Date: Fri, 7 Nov 2014 22:27:35 +0100
From: Vojtech Pavlik <vojtech@suse.cz>
To: Josh Poimboeuf <jpoimboe@redhat.com>
Cc: Christoph Hellwig <hch@infradead.org>, Seth Jennings <sjenning@redhat.com>,
        Jiri Kosina <jkosina@suse.cz>, Steven Rostedt <rostedt@goodmis.org>,
        live-patching@vger.kernel.org, kpatch@redhat.com,
        linux-kernel@vger.kernel.org
Subject: Re: [PATCH 0/2] Kernel Live Patching
Message-ID: <20141107212735.GA21409@suse.cz>
References: <1415284748-14648-1-git-send-email-sjenning@redhat.com>
 <20141106184446.GA12779@infradead.org>
 <20141106185157.GB29272@suse.cz>
 <20141106185857.GA7106@infradead.org>
 <20141106202423.GB2266@suse.cz>
 <20141107074745.GC22703@infradead.org>
 <20141107131153.GD4071@treble.redhat.com>
 <20141107140458.GA21774@suse.cz>
 <20141107154500.GF4071@treble.redhat.com>
MIME-Version: 1.0
Content-Type: text/plain; charset=us-ascii
Content-Disposition: inline
In-Reply-To: <20141107154500.GF4071@treble.redhat.com>
User-Agent: Mutt/1.5.21 (2010-09-15)
Sender: linux-kernel-owner@vger.kernel.org

On Fri, Nov 07, 2014 at 09:45:00AM -0600, Josh Poimboeuf wrote:

> > 	LEAVE_FUNCTION
> > 	LEAVE_PATCHED_SET
> > 	LEAVE_KERNEL
> > 
> > 	SWITCH_FUNCTION
> > 	SWITCH_THREAD
> > 	SWITCH_KERNEL
> > 
> > Now with those definitions:
> > 
> > 	livepatch (null model), as is, is LEAVE_FUNCTION and SWITCH_FUNCTION
> > 
> > 	kpatch, masami-refcounting and Ksplice are LEAVE_PATCHED_SET and SWITCH_KERNEL
> > 
> > 	kGraft is LEAVE_KERNEL and SWITCH_THREAD
> > 
> > 	CRIU/kexec is LEAVE_KERNEL and SWITCH_KERNEL
> 
> Thanks, nice analysis!
> 
> > By blending kGraft and masami-refcounting, we could create a consistency
> > engine capable of almost any combination of these properties and thus
> > all the consistency models.
> 
> Can you elaborate on what this would look like?

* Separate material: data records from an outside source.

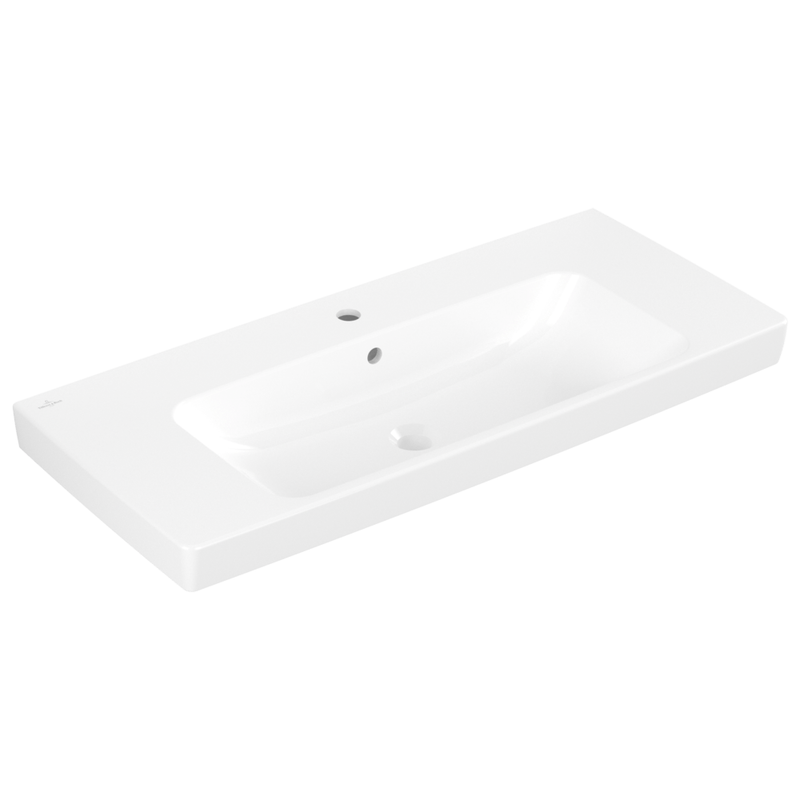 VILLEROY & BOCH - Waschbecken Architectura 1000x445mm Rechteck 1HL. mit Überlauf Weiß Alpin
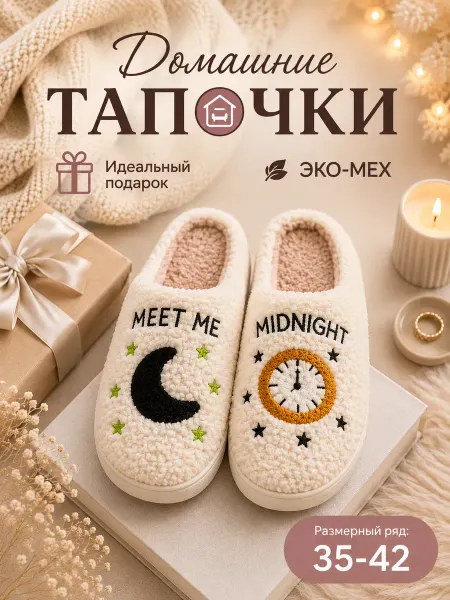 Trendy You Тапочки домашние тёплые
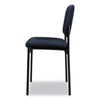 HON® VL606 Stacking Guest Chair without Arms, Fabric Upholstery, 21.25" x 21" x 32.75", Navy Seat, Navy Back, Black Base Guest & Reception Chairs - Office Ready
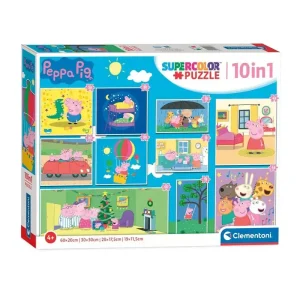 Toppsäljare | Clementoni Puzzles Peppa Pig 10in1 2D Pussel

There would be the refcounting engine, counting entries/exits of the
area of interest (nothing for LEAVE_FUNCTION, patched functions for
LEAVE_PATCHED_SET - same as Masami's work now, or syscall entry/exit for
LEAVE_KERNEL), and it'd do the counting either per thread, flagging a
thread as 'new universe' when the count goes to zero, or flipping a
'new universe' switch for the whole kernel when the count goes down to zero.

A patch would have flags which specify a combination of the above
properties that are needed for successful patching of that specific
patch.

> The big problem with SWITCH_THREAD is that it adds the possibility that
> old functions can run simultaneously with new ones.  When you change
> data or data semantics, which is roughly 10% of security patches, it
> creates some serious headaches:
> 
> - It makes patch safety analysis much harder by doubling the number of
>   permutations of scenarios you have to consider.  In addition to
>   considering newfunc/olddata and newfunc/newdata, you also have to
>   consider oldfunc/olddata and oldfunc/newdata.
> 
> - It requires two patches instead of one.  The first patch is needed to
>   modify the old functions to be able to deal with new data.  After the
>   first patch has been fully applied, then you apply the second patch
>   which can start creating new versions of data.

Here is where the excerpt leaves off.